New Study Attempts to Candy-Coat Impact of Job Loss

Yves here. We’re featuring this post more as a critical thinking exercise rather than for the findings of the study posted below, although they are also of interest. As you’ll see, a study performed using 2000 to 2005 data in Germany found that workers who’d lost their jobs didn’t fare as bad as average outcomes suggested, since some were hit hard, while 25% had reached higher of pay in five years.

To which I say “Huh?”

First, even the relatively advantaged 25% would often suffered loss of income and presumably relative savings over the part if not all of the five year period. To reach better conclusions, you’d need to estimate lifetime earnings and see if they had prospects of coming out net ahead, based on the period of no/lower income and to what degree the later, higher earnings more than compensated for that.

Second, 25% better off still confirms a grim picture, that 75% were worse off on a long-term basis.

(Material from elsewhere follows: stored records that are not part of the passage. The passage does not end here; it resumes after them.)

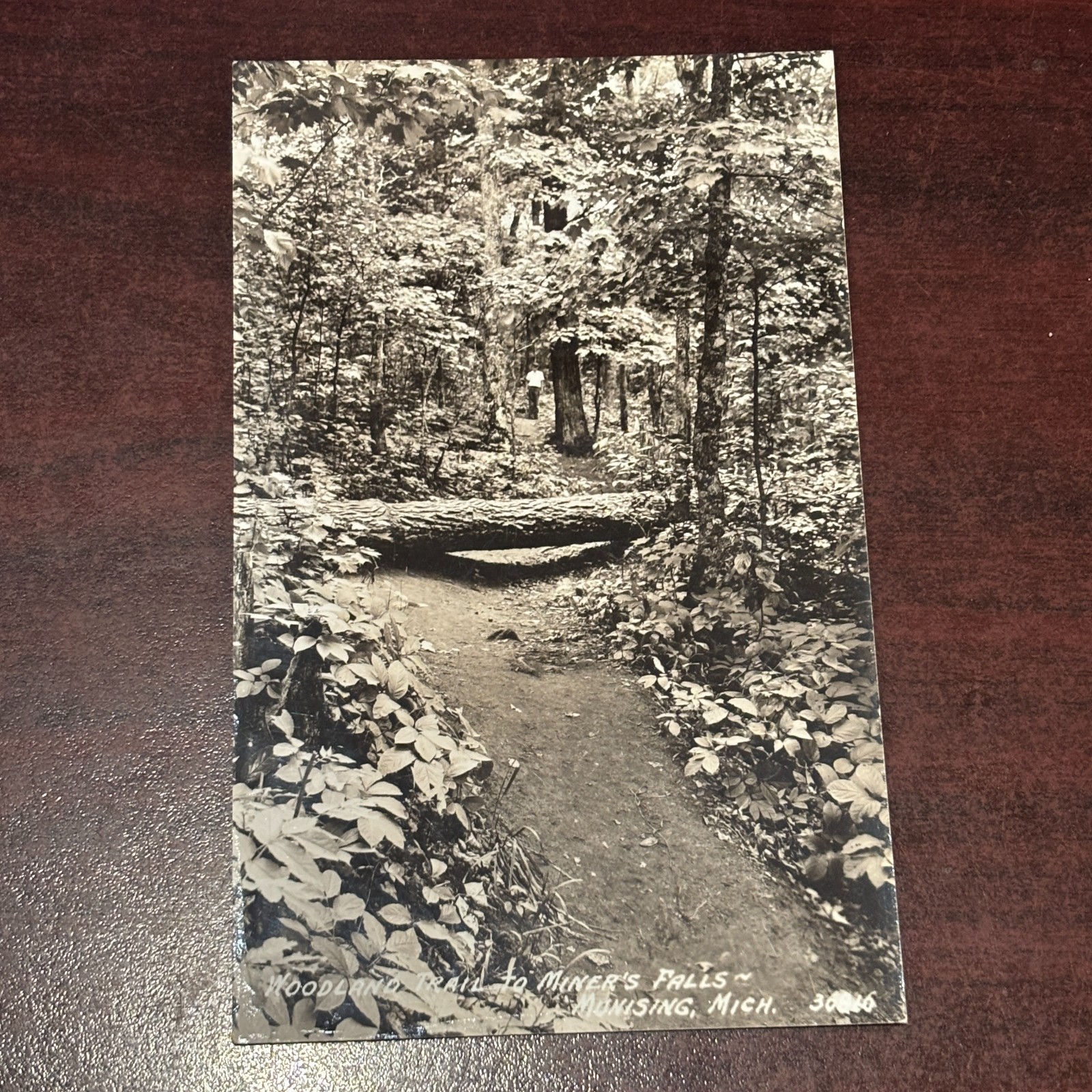 Vintage Postcard RPPC Real Photo Munising Michigan Vintage Postcard RPPC Real Photo Munising Michigan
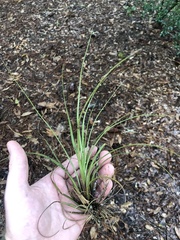 Tillandsia simulata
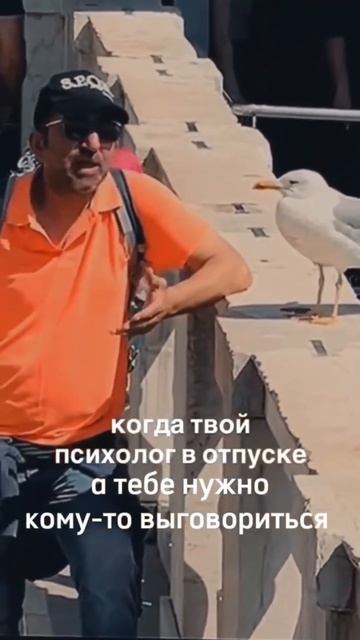 друзья, напоминаю что с 1 сентября цены на мои услуги повышаютсядо 1 сентября вы можете приобрести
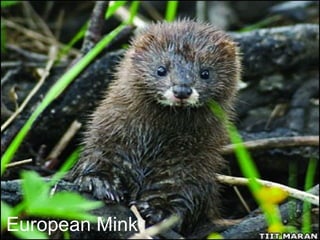 European Mink 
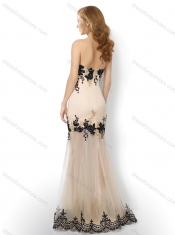 Popular Tulle Column Applique Dama Dress in Champagne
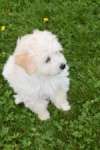 Maltipoo (teef) 29210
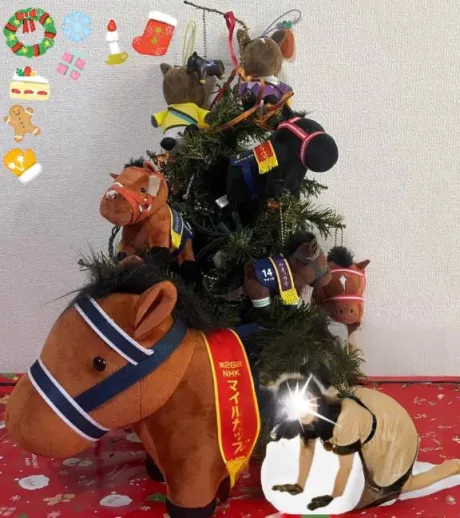 あづみの(青森)青森･弘前人妻デリヘル桃屋
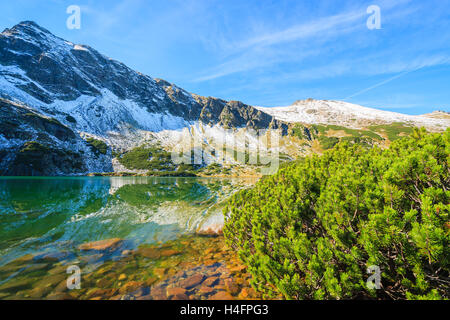 Schönen Bergsee im Herbst im Gasienicowa Tal, hohen Tatra, Polen Stockfoto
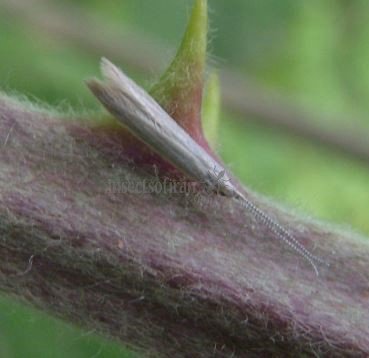 Coleophorid Moth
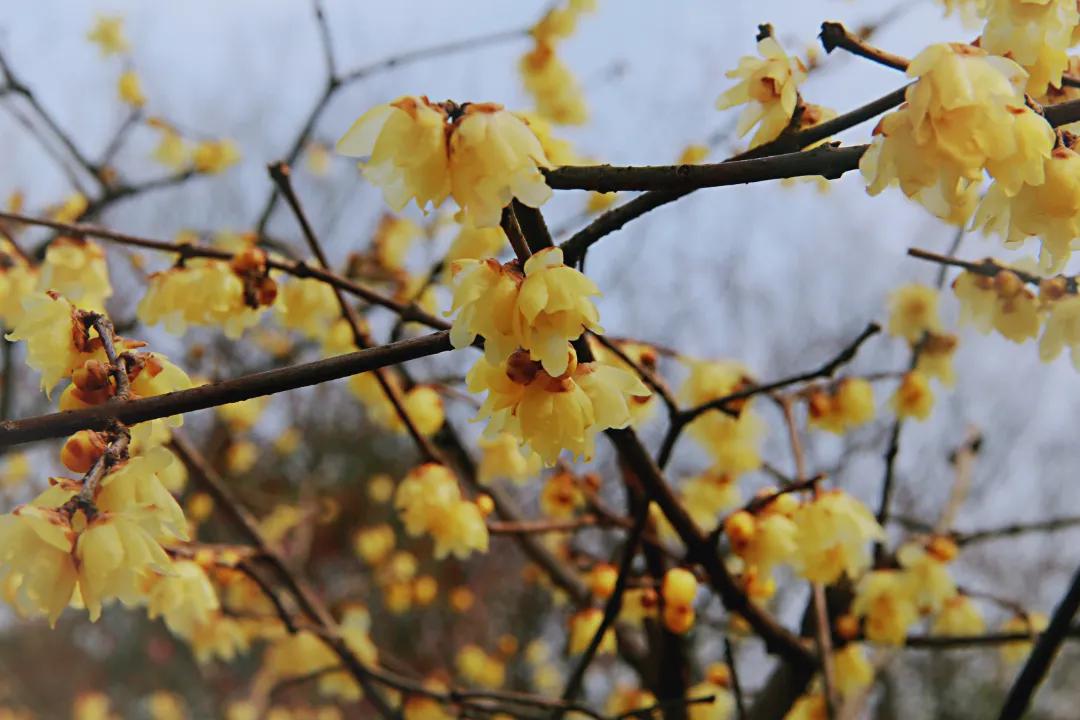 迎接虎年的美好时光,用最好的心态迎接虎年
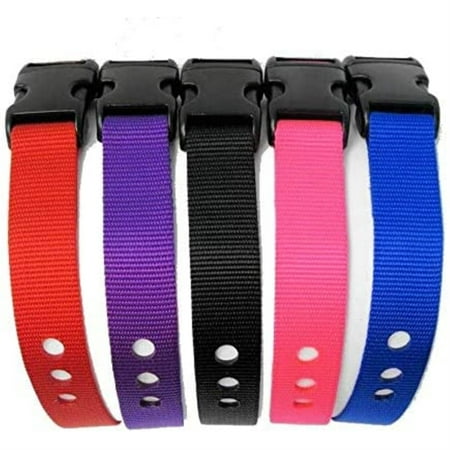 1" Replacement Strap - Purple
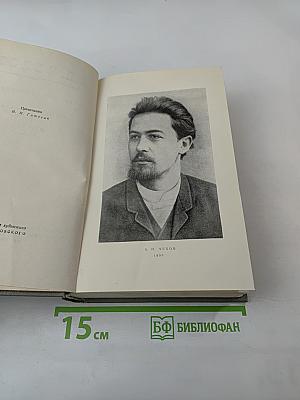 Собрание сочинений. Том одиннадцатый. Письма 1877-1892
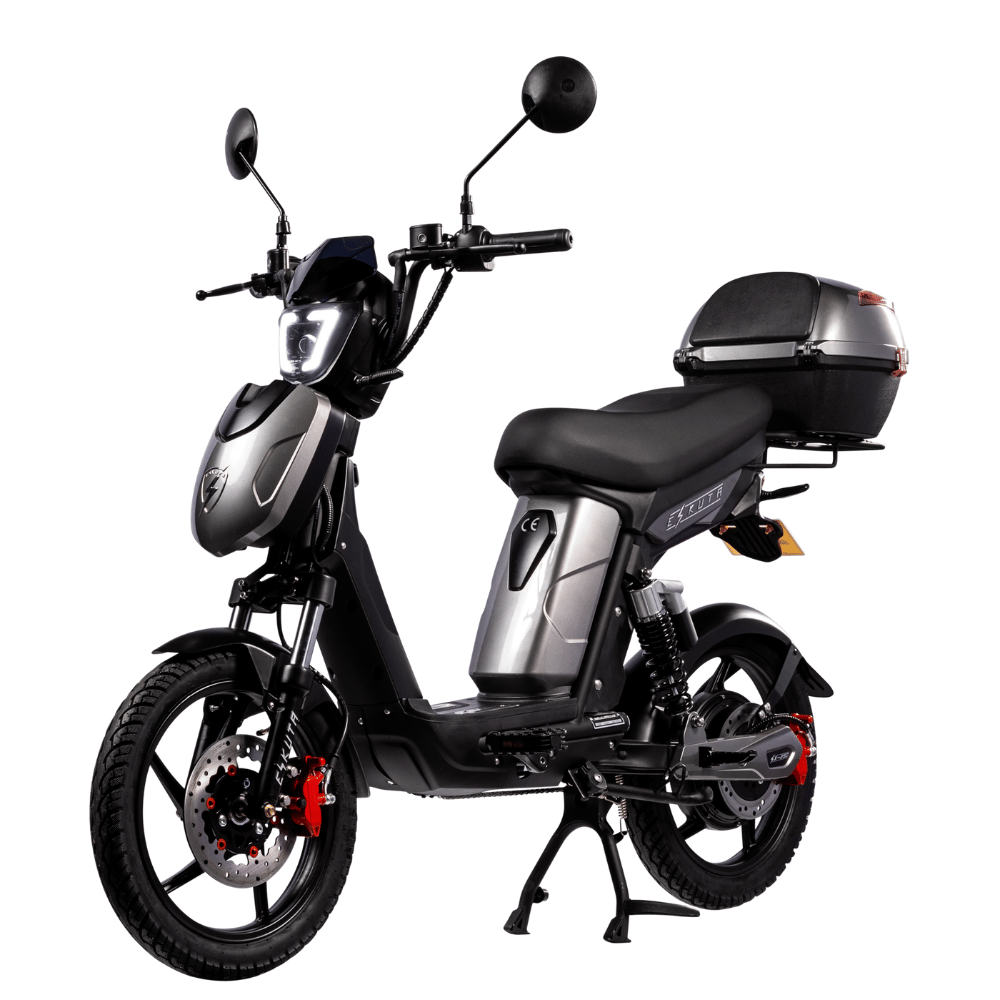 SX-250 Series 4 Voyager Electric Bike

Third, the study time frame happened to occur during a period of strong growth in Germany. From the World Bank:

Fourth, German collective bargaining representation has fallen since 2000, which generally suggests a weakening of labor rights (readers who have more knowledge of the situation in Germany are encouraged to speak up; a quick search was not terribly informative). A European Union Trade Council report in 2020 found that the percentage of German workers covered by collective bargaining agreements had fallen by 14% to 54%, below the EU average of 61%. So Germany is far from the worker paradise that some assume it to be. The EU states with much higher collective bargaining levels: Denmark, Finland, Portugal, Slovenia, Spain, Italy, Austria, Netherlands, Finland, Belgium, France, Luxembourg, Sweden. Austria leads the pack at 98%.

Mind you, what bothers me is not the findings (the findings are the findings, after all) but the spin, staring with the dishonest labeling of job loss as “job displacement”. “Job displacement” connotes that all of those fired eventually find new employment, when some never do, or at least not at any kind of reliable work.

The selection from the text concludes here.